Eucalyptus arcana, commonly known as the Mallee manna gum or Carpenter Rocks gum is a mallee that is endemic to South Australia. It has rough bark from the base of the trunk to the thinnest branches, lance-shaped, sometimes curved leaves, flower buds in groups of seven, white flowers and hemispherical fruit. It is only known from a single population near Carpenter Rocks.

==Description==
Eucalyptus arcana is a low, straggly tree, sometimes with several stems, that typically grows to 6 m high. It has rough, fibrous, grey to grey-brown bark from the base of the trunk to the larger branches, and smooth, grey to cream bark on the thinnest branches. Young plants and coppice regrowth have four-sided stems and glossy elliptic to egg-shaped leaves 45-120 mm long and 13-55 mm wide with wavy edges. Adult leaves are lance-shaped, the same glossy green on both sides, with a blade that is 80-150 mm long and 17-30 mm wide on a petiole 10-28 mm long. The flowers buds are arranged in groups of seven on a peduncle 4-10 mm long, the individual flowers on a pedicel up to 2 mm long.

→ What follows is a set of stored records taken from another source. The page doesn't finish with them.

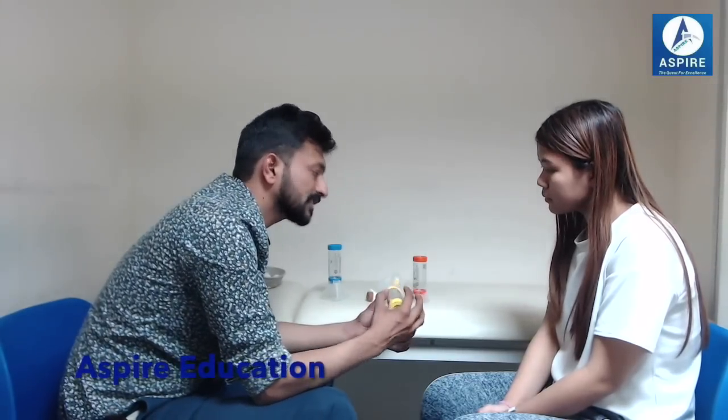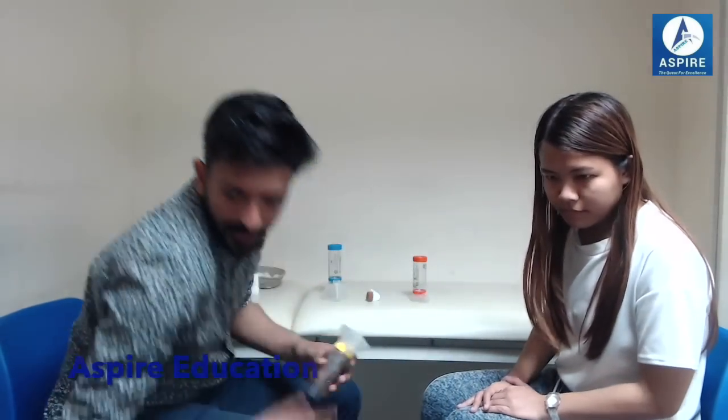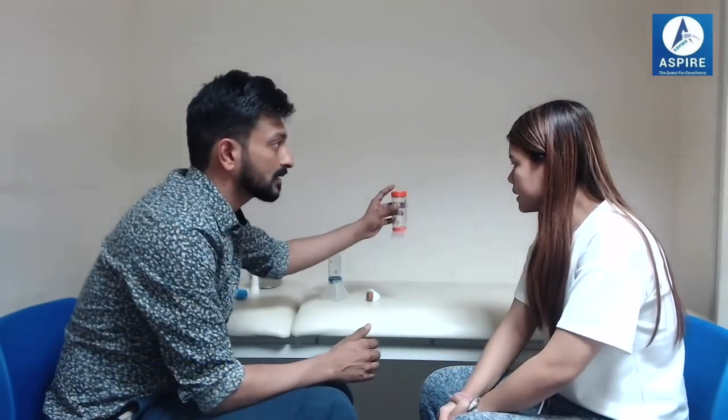If your child is going to school, make sure you tell the nurses there about your child's condition, and you can leave one spacer at school as well so the nurses or teachers can help if there's any problem. To summarise the three spacer sizes: the orange one is for 0 to 18 months, the yellow one is for 1 to 5 years, and the larger one is for more than 5 years.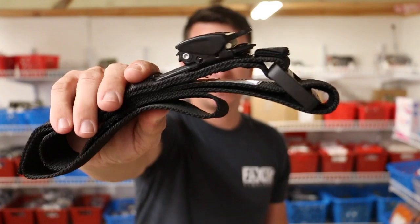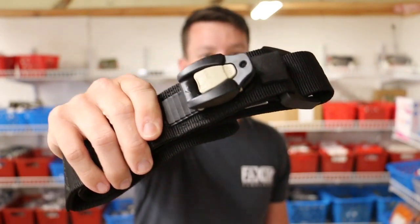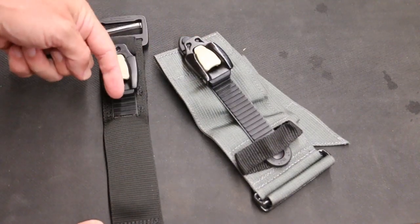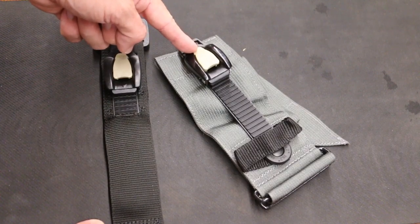I know you're like, I have seen that buckle before — and you're absolutely correct. This is the same mechanism as on the TX2 and the TX3 tourniquets, which were recently added to the TCCC recommendation list.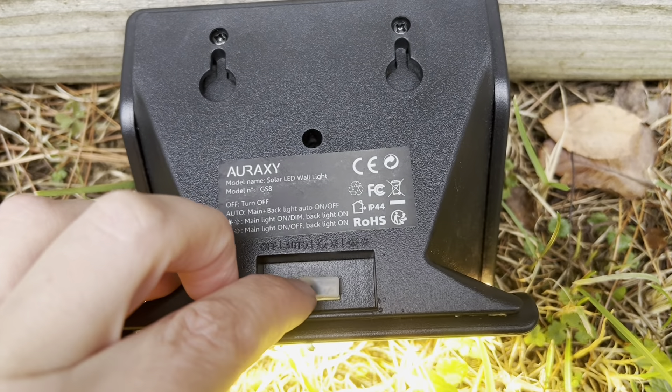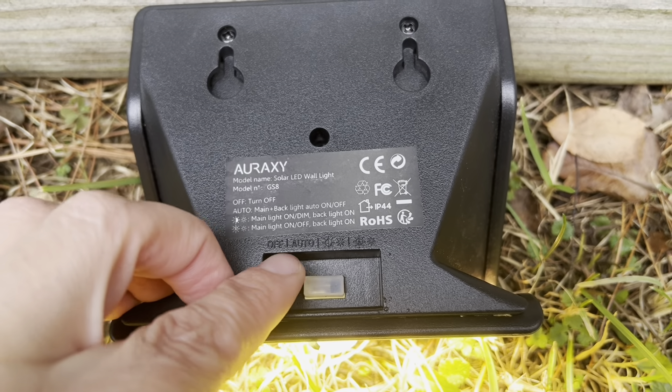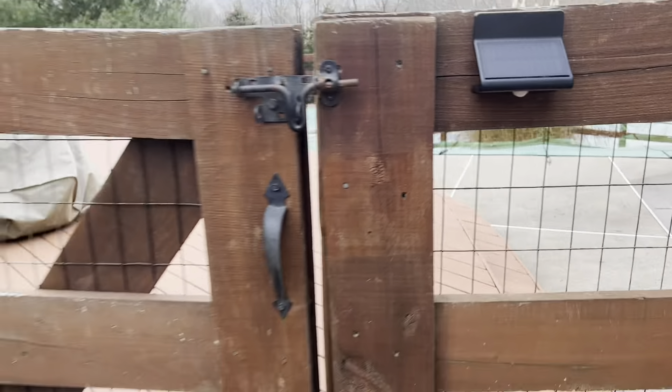You just install two screws into the pre-cut holes on the back that are provided. We can control our three different lighting modes on the back as well. These lights are made of IP44 waterproof and high-strength ABS, so they can work normally even in bad weather.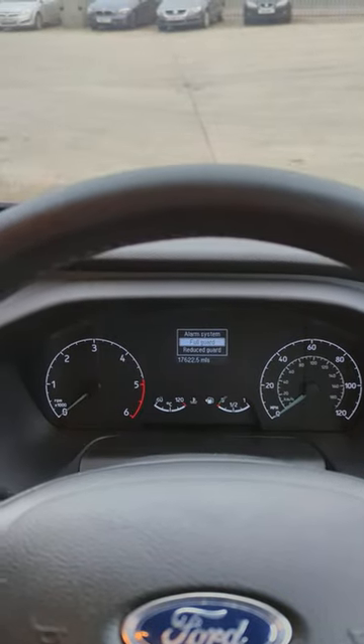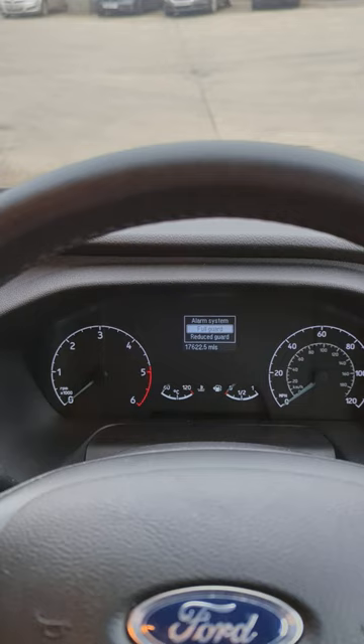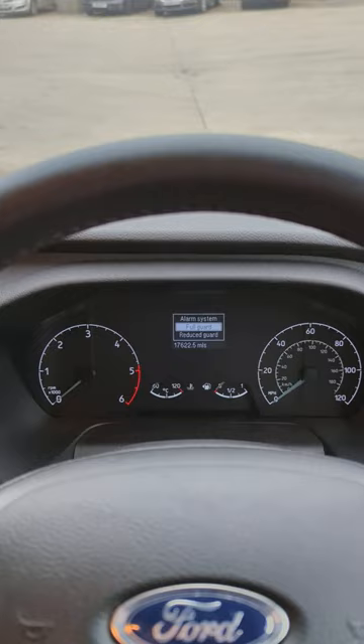Hi guys, so today I'm going to show you how to reset a service light on a Ford Transit Custom. This is a 2022 plate, but it is also the same on a few of the earlier models.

Mature buds are oval to spindle-shaped, 5-7.5 mm long and 4-5.5 mm wide with an operculum that is shaped like a blunt cone, about equal in length to the floral cup. Flowering occurs in February and the flowers are white. The fruit are hemispherical to cone-shaped, 6-7 mm long and 6-8 mm wide containing dark brown to black ovoid seeds.

==Taxonomy and naming==
Mallee manna gum was first formally described in 1998 by Dean Nicolle and Ian Brooker who gave it the name Eucalyptus splendens subsp. arcana and published the description in the Journal of the Adelaide Botanic Gardens. In 2009 Kevin Rule raised it to species status as E. arcana. The specific epithet (arcana) is a Latin word meaning "secret" or "mysterious", referring to the species being hidden in dense scrub.

==Distribution and habitat==
Eucalyptus arcana has a limited range and occurs on low rises in shallow, impoverished, red clay-loam soils over limestone around the coastal town of Carpenter Rocks in south-east South Australia. It is found amongst dense tall shrubland, associated with species including Eucalyptus obliqua and Eucalyptus ovata. The populations that Nicolle and Brooker described as E. splendens subsp. arcana occurring near Moonlight Head in south-west Victoria have been assessed as a form of E. aromaphloia.